The 50 percent rule will balance corn stover harvest with perennial and cover crops that produce profitable fuels while protecting our air, soil, and water. However, few Minnesota farmers currently grow perennial or cover crops because there are not programs in place for insurance and markets. Meaning new, advanced refineries won't be built until there is a reliable and sufficient supply of feedstock. That's why we are working with our partners on legislation this session to address these obstacles and get a successful program initiated here in Minnesota.
Creating an incentive for farmers to grow perennial crops assures advanced biofuel refineries will have the feedstock to operate at a profit. In turn, the state incentive program ensures that local landowners can profitably plant the perennial crops their facilities need to meet the 50 percent goal. As a result, this program becomes a win-win-win for everyone.Farms can diversify their cropping systems to include perennial crops while maintaining profitability. Perennial crops become economically viable, incentivizing more living cover on the land. Finally, Minnesota's biofuels industry gets a jumpstart, helping Minnesota become a world leader in this field; our fuel mix gets cleaner, greener, and more sustainable, while significantly improving water quality using a market-based approach rather than regulation.
The Working Lands Watershed Restoration Program bill that passed in the 2016 legislative session includes $594,000 in funding for development of an in-depth feasibility study and program plan to implement the program in two pilot watersheds. The incentive program will establish payments for farmers that grow perennial crops and for processing facilities participating in the program. Moreover, it will prioritize the program in the areas with the worst water quality problems and where a transition to perennial crops will have the most benefits.

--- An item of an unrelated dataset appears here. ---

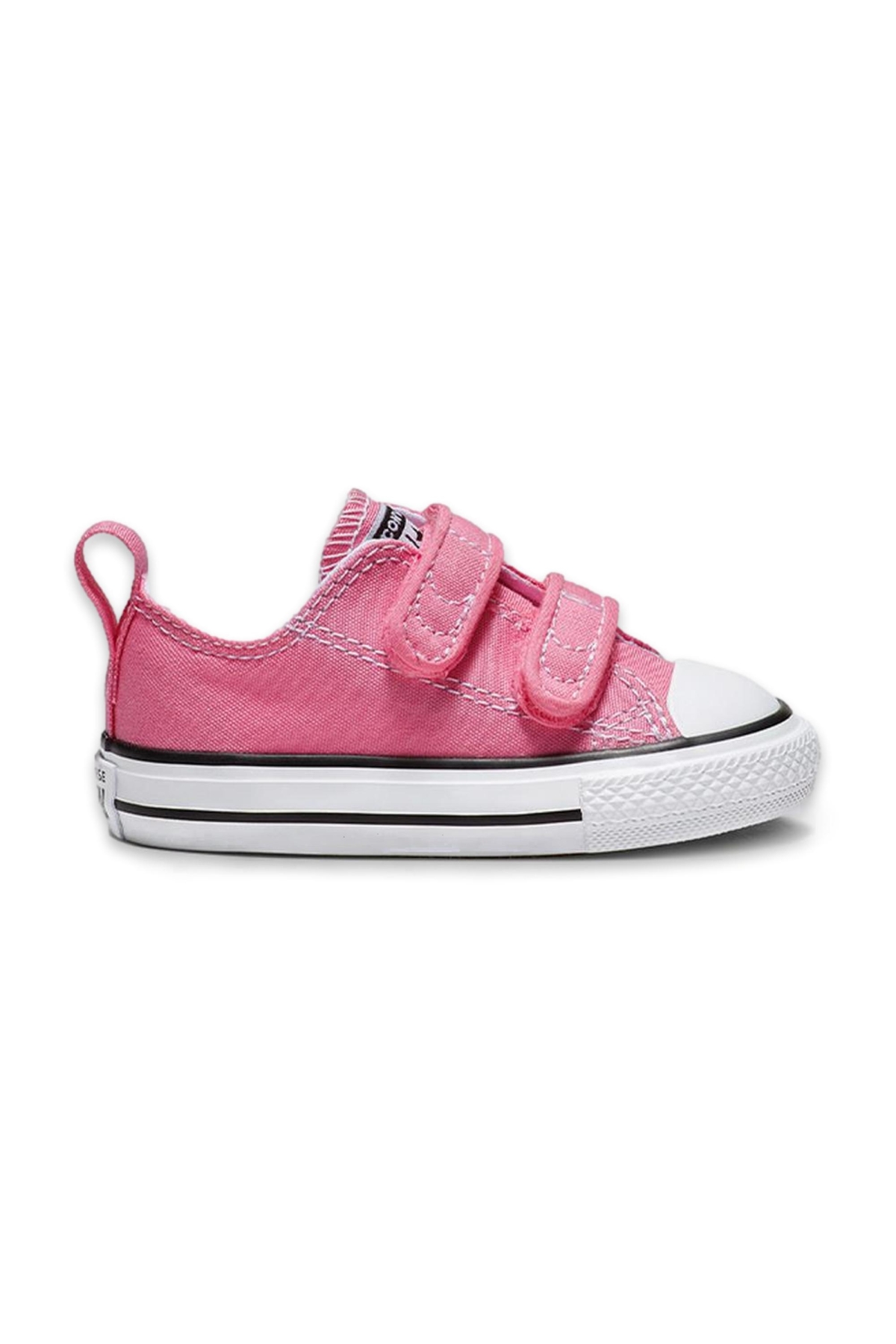 709447C Chuck Taylor All Star 2V Canvas Sneakers Pembe Çocuk Ayakkabı - Görsel 2
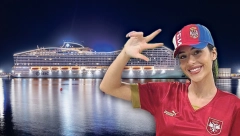 TOPOVSKI UDAR IZ KATARA - 350 Srba uživa na kruzeru od milijardu dolara, među njima i Anastasija (VIDEO)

We need to make this a priority and create the incentives to literally change the landscapes of Minnesota. This means fewer single crop corn fields and more fields of perennials. This program can help achieve the state's long-term renewable fuel and water-quality goals simultaneously, while also creating more habitat, healthier soils, and climate resiliency throughout the state, and reinvigorate Minnesota’s rural communities and economies in a sustainable way.